正直に言えば、その辺りからずっと“老い”が頭の片隅にちらついていました。かつてのカブラキ ツヨシなら、皆がキツくなるこの状況でガンガン上がっていくのが真骨頂だったのに、それができないジレンマ。トレーニング段階でやるべきことをやってきたはずなのにと。2016年に走ったパタゴニアのレースでは、後半吐きながらもペースを上げていけたのにと。人間、弱気になると人に会いたくなります。マフェテ谷を登り切った、マイドという峠が次のサポートポイントです。だから、とにかくこの渓谷を抜けてマイドにたどり着こう。そのことだけに集中することにしました。このときは、自分の中でゴールラインがまったく見えていませんでしたね。

  • NEVER 鏑木毅
  • NEVER 鏑木毅

いざエイドに着いたら、とにかくホッとして、丸一日溜めていた弱い部分をさらけ出してしまいました。ちくしょうって。でもそうしたら不思議と心の整理がつきました。心と体をいったんリセットし、26時間台というのは忘れて、ここからは別のレースをしようと。依然として胃は補給を受け付けず、口にしたものはすべて吐いてしまいます。補給ができないことによる疲労が全身にあらわれていました。でも、過去2回もリタイアを喫しているこのレースにケリをつけないことにはこの先が見えません。ただただ完走へと集中することにしました。補給が足りていないことは冷静に自覚できていので、今にも山中で行き倒れてしまうかもしれない、その恐怖が常につきまといました。なるべくエネルギーを使わず、最小限の出力で効率よく走ることに神経を注いで。こんなに集中したラスト60kmというのはなかったです。不整脈の再発の怖さも最後までぬぐえませんでした。前回、エネルギー切れがスイッチとなって不整脈が出たという感覚があったので…

ゴールが見えたときは本当に嬉しかったですね。リザルトに関しては満足できるものではありません。でも、レース中に『ああしておけばよかった』という後悔は一つも無かった。その日にできるベストをしっかりと尽くしたので、ゴールへのダウンヒルでは充足感に満たされていました。途中ではチラッチラッと、みっともないかなって頭をよぎるんです。かつてはUTMBで3位になったこともあるのに、今はこんな姿になって走ってるって。でもスッと消えますね。今この時間に集中しようって。3度目のレユニオン、終わってみれば心底満足できるレースができました」

NEVER 鏑木毅

かつてのカブラキツヨシと、
これからのカブラキツヨシ。

「2019年のUTMBを目指す挑戦を『NEVERプロジェクト』として皆さんと共有させていただくことになりましたが、その中で追求したいのは、自分の心に正直になるということです。人間誰しも、他人からこう見られたい自分の姿というのがあります。僕自身、かつてのカブラキツヨシに対する周囲の見方や思いを感じることもあります。これまではその期待や評価にたがわぬ自分でありたいという生き方をしてきました。それも大切なことですし、だからこそ成しえたことの上に今の自分の立ち位置があるのだと思っています。
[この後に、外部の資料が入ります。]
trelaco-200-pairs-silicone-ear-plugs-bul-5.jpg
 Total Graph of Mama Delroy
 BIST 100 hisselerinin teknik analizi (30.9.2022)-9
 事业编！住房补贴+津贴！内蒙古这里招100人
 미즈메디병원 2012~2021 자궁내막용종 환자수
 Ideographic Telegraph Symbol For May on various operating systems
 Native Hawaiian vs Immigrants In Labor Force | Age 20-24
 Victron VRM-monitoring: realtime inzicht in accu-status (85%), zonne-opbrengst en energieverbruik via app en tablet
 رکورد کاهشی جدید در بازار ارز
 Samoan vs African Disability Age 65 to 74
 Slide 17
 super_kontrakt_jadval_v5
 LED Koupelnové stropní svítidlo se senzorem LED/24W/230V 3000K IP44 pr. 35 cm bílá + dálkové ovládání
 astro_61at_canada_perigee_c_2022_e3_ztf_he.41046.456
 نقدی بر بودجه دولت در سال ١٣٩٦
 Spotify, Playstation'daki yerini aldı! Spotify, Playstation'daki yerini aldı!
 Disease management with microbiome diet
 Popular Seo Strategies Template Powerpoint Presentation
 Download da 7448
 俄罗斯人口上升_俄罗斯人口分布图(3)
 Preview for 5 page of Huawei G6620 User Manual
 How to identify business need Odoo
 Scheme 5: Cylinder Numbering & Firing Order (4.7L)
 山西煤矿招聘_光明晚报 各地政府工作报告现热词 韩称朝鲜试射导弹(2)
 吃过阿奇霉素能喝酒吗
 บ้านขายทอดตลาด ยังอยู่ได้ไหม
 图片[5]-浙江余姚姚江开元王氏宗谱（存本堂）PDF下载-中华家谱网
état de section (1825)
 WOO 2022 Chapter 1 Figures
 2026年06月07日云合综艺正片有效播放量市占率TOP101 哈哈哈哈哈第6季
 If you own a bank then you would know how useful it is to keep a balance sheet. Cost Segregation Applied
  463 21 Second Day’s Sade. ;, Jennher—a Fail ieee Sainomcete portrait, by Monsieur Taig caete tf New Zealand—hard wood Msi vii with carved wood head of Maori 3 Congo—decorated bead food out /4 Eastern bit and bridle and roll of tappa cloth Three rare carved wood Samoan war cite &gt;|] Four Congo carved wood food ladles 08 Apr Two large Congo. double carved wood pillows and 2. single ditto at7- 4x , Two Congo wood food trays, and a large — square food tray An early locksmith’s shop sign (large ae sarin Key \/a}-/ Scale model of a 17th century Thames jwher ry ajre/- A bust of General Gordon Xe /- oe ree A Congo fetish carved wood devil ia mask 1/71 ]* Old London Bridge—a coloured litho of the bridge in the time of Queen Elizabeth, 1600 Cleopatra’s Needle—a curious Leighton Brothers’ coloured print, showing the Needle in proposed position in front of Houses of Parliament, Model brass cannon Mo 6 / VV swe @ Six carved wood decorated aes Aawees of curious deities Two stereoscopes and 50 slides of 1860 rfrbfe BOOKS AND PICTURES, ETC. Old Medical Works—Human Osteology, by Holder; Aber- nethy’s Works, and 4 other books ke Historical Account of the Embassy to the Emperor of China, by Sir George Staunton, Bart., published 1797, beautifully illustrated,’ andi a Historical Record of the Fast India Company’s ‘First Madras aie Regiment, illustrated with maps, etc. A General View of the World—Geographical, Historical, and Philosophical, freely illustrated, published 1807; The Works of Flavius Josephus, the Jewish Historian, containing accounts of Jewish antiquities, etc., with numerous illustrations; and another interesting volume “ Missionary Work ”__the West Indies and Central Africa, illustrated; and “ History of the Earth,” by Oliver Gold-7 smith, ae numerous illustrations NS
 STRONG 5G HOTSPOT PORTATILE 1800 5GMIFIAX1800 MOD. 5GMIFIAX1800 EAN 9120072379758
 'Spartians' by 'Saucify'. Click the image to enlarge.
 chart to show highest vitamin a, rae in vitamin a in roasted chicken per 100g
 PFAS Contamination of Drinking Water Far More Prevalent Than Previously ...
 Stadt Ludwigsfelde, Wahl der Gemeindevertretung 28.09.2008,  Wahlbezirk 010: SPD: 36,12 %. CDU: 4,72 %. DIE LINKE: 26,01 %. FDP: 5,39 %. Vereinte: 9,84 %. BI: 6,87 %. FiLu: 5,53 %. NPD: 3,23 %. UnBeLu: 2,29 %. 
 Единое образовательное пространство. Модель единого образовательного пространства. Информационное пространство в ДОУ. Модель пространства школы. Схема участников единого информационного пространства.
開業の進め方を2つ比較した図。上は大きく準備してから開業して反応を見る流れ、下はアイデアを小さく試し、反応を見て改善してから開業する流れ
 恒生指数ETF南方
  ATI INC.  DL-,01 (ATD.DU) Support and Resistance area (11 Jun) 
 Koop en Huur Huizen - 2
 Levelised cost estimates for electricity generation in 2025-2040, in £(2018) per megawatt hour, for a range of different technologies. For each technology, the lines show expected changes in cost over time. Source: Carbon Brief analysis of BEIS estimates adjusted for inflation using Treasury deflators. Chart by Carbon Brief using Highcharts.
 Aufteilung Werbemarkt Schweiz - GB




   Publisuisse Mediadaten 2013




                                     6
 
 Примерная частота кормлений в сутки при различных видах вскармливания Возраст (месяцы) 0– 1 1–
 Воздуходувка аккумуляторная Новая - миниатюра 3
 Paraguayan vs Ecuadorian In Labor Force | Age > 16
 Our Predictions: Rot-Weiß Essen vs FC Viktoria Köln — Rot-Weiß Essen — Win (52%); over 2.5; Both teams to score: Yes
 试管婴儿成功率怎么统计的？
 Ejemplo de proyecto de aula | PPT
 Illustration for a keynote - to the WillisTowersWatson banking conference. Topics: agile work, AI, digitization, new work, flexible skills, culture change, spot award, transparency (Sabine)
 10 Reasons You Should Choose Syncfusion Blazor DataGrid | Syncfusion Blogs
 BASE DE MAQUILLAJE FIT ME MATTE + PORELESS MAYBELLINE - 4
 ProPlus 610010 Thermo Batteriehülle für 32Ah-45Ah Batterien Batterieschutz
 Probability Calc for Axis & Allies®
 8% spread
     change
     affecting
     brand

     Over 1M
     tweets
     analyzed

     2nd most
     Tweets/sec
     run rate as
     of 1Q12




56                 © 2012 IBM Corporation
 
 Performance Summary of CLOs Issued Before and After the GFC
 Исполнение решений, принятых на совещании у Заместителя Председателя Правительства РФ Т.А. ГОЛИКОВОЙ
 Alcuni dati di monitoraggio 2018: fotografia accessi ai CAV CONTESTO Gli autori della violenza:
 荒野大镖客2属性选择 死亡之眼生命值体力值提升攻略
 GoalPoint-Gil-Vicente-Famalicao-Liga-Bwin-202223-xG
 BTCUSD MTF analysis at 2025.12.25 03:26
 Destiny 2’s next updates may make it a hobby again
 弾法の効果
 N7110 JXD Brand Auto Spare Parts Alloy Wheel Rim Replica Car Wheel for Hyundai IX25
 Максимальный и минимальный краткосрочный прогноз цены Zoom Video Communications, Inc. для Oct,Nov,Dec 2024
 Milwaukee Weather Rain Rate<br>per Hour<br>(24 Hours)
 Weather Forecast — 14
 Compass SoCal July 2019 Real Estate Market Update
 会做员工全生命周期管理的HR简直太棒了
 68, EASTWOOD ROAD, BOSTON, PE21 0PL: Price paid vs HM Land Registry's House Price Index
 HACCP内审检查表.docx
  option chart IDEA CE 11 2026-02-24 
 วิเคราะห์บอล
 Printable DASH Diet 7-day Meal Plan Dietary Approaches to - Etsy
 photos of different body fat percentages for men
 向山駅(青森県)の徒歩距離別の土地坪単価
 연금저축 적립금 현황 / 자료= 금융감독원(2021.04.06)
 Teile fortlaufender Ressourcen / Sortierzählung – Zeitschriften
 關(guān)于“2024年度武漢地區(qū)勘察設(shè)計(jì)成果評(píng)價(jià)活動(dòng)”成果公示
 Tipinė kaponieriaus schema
今回のレユニオンでは、世界のトレイルランニングが、想像をはるかに超えるレベルで進化していることが肌感覚で理解できました。その反面、自分が思っている以上に自分の肉体が衰えているということも感じました。そのギャップからも、2019年のUTMBは本当に難しいチャレンジになるということが痛いほど分かりました。今までの自分には世界最高レベルで競っていたときの自分なりのプロセスがあり、いつまでもそこにしがみついていてはいけないと思いつつも、本当の意味では離れられていませんでした。でも、それは49歳の自分には当てはまってはくれないことが痛感できました。今の肉体に合うスタイルを改めて考え、追い求めなければ、この先はもう戦えないでしょう。

  • NEVER 鏑木毅
  • NEVER 鏑木毅

でも、面白いですよ。この年になってそういう創造的な思いを抱ける対象に出会えていることに、改めて感謝と幸せを感じています。辛く苦しい作業ですけど、この歳でできるアプローチは何だろうって。あと何日残されているかわかりませんが、長いようで短いですし、人間なのでそう多くのことはできません。その分、一日一日集中して、ひとつひとつに魂をこめて。UTMBのレース本番は24時間ほどの勝負ですが、それに向かうすべての過程に強い想いを抱いて、やり抜きたいです。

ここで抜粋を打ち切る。